DATA BLOCK:
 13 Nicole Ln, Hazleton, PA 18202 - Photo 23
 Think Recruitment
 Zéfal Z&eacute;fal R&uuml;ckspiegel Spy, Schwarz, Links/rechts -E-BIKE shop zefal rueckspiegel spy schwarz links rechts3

PROMPT: Please reproduce the whole listing exactly, omitting no line.

RESPONSE TO THIS EXERCISE:
 13 Nicole Ln, Hazleton, PA 18202 - Photo 23
 Think Recruitment
 Zéfal Z&eacute;fal R&uuml;ckspiegel Spy, Schwarz, Links/rechts -E-BIKE shop zefal rueckspiegel spy schwarz links rechts3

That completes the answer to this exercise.